Ela vem de longe...
Eu
sempre tive curiosidade sobre a morte, como grande parte dos seres humanos, eu
sempre quis saber mais sobre essa “peça” que a vida nos prega cotidianamente. A
morte está presente no nosso dia-a-dia, direta e indiretamente, real ou simbólica,
ela está lá e não há nada que possamos fazer.
Cresci
ouvindo meu pai dizer que havia me dado a vida duas vezes, meu nascimento, óbvio,
e relembrando um episódio de febre seguido de convulsão após uma ida ao cinema
em meu tenro um ano de idade, também ouvindo diversas vezes que, com poucos meses, um primo estava
brincando e quase me derrubou de cabeça no chão.
A
morte parece brincar com a vida desde quando me conheço por gente... a morte sempre está presente. Indiretamente, ao fato de eu ter nascido no mesmo dia em que
minha falecida avó (acontecimento prematuro, ela morreu aos 30 e poucos anos, fato que marcou a
família) e às assombrações que esta relação me remetiam. Será eu a reencarnação
de um ente querido? Temos alguma semelhança além do aniversário? Por anos eu ficava apreensiva no dia em que ela havia morrido (uma semana antes de nosso aniversário), pois... e se acontecesse o mesmo comigo?

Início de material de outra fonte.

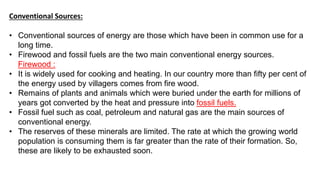 Conventional Sources:
• Conventional sources of energy are those which have been in common use for a
long time.
• Firewood and fossil fuels are the two main conventional energy sources.
Firewood :
• It is widely used for cooking and heating. In our country more than fifty per cent of
the energy used by villagers comes from fire wood.
• Remains of plants and animals which were buried under the earth for millions of
years got converted by the heat and pressure into fossil fuels.
• Fossil fuel such as coal, petroleum and natural gas are the main sources of
conventional energy.
• The reserves of these minerals are limited. The rate at which the growing world
population is consuming them is far greater than the rate of their formation. So,
these are likely to be exhausted soon.
 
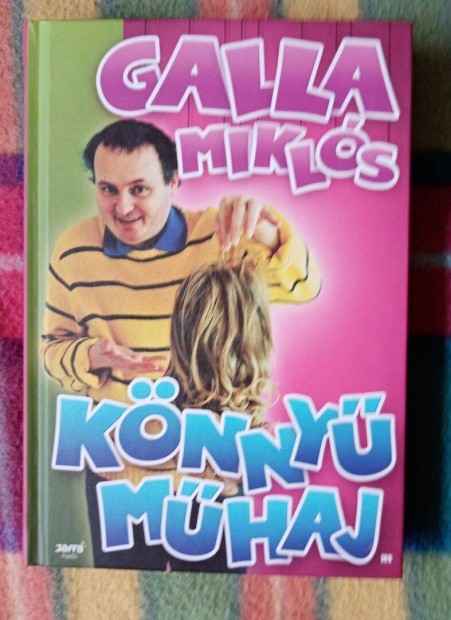 Galla Mikls: Knny mhaj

Por outros muitos anos, acreditei que iria
morrer jovem como ela... que estava fadada ao mesmo destino.
Sei
que já morri um pouco, de forma simbólica, contudo tão agressiva como a real... Morri a primeira vez aos cinco anos, posteriormente morri a cada falecimento de pessoas queridas,
meu primeiro cachorro, meus dois pintinhos e meus dois pássaros cabeça-vermelha. Ao escrever meus
poemas e ao término de meus livros lidos. Morri aos quinze quando propositalmente
encarei a morte e não consegui enfrentá-la ou aos vinte e sete quando enfrentei
a morte acidentalmente e rezei para não a encarar.
São pequenas doses diárias, comedidas para a
maioria das pessoas, eu confesso... doses que devem ser bem ministradas, muitas
vezes esquecidas... mas valiosas para se viver a vida. Não existem caminhos
mais antagônicos do que se viver a vida com medo da morte ou morrer um pouco a
cada dia com medo da vida.
A morte de Vinícius de Moraes (1954):
A morte vem de longe
Do fundo dos céus
Vem para os meus olhos
Virá para os teus
Desce das estrelas
Das brancas estrelas
As loucas estrelas
Trânsfugas de Deus
Chega impressentida
Nunca inesperada
Ela que é na vida
A grande esperada!
A desesperada
Do amor fratricida
Dos homens, ai! dos homens
Que matam a morte
Por medo da vida.
A morte de Carolina Malaquias (2011):
Quando meu corpo,
Pálido e gelado,
Existir e meus olhos,
Sem brilho e sombrios,
Estiverem fechados,
Não me santifique.
Lembre-se das feridas
Que deixei em aberto.
Lembre-se como era
Intensa e contraditória.
Lembre-se da existência
E não apague as marcas,
Os risos e os abraços.
Quando de minha boca
Não existir mais sorrisos,
E de meus braços calor,
Faça-se esquecer.
Não vele este corpo
Sem essência e sem pulso.
Deixe-me em silêncio.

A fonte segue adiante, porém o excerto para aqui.